Extracted entries: Begin

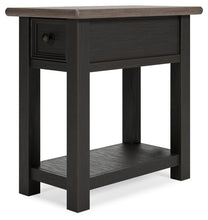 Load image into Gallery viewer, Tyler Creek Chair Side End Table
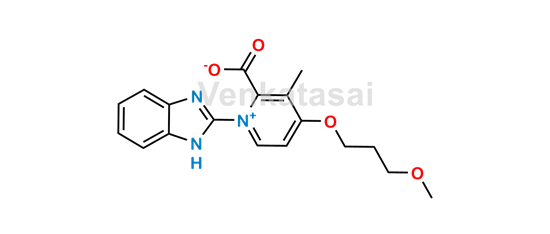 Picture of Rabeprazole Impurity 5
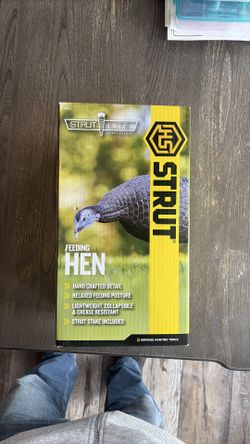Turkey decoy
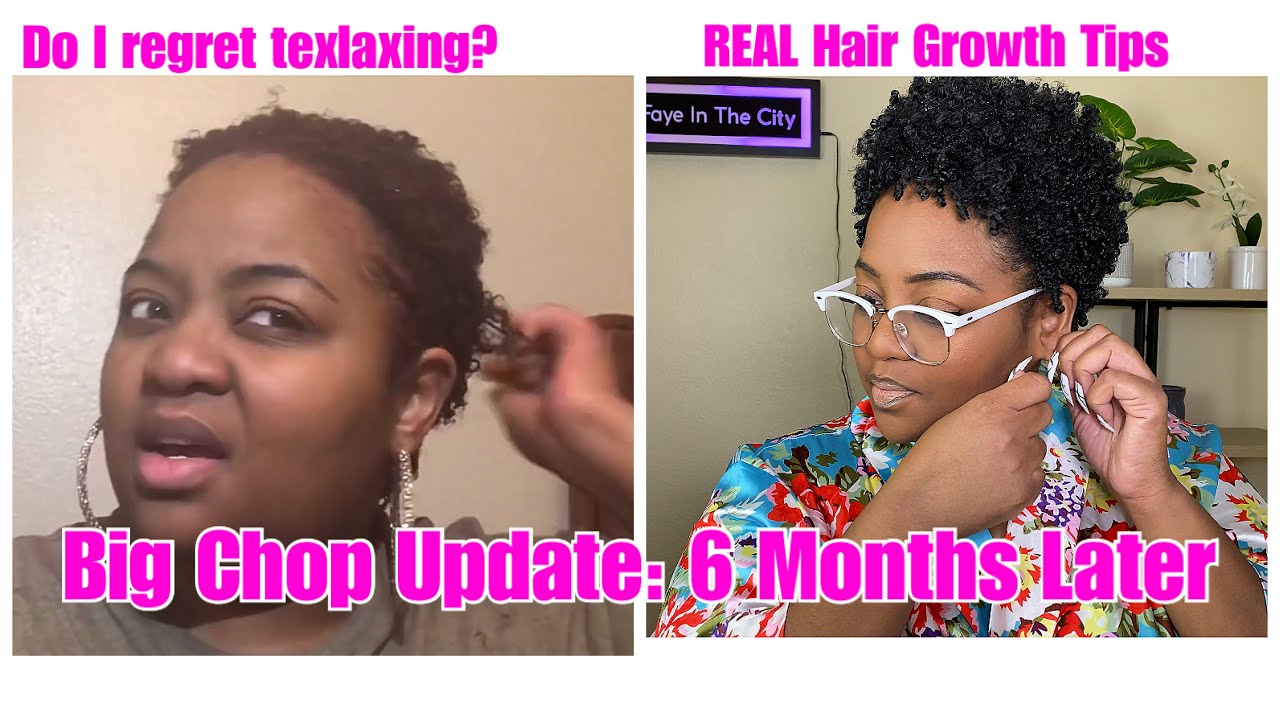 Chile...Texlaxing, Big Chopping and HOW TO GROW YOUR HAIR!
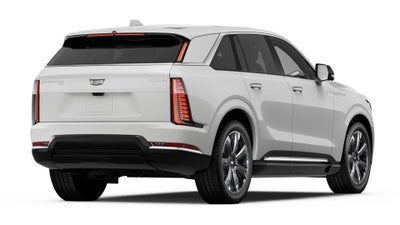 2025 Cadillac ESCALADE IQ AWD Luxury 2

Extracted entries: End

= The problem =
Return each entry exactly as it appears above, but exclude the pictures.

= Exercise output =
 Load image into Gallery viewer, Tyler Creek Chair Side End Table
 Picture of Rabeprazole Impurity 5
Turkey decoy
 Chile...Texlaxing, Big Chopping and HOW TO GROW YOUR HAIR!
 2025 Cadillac ESCALADE IQ AWD Luxury 2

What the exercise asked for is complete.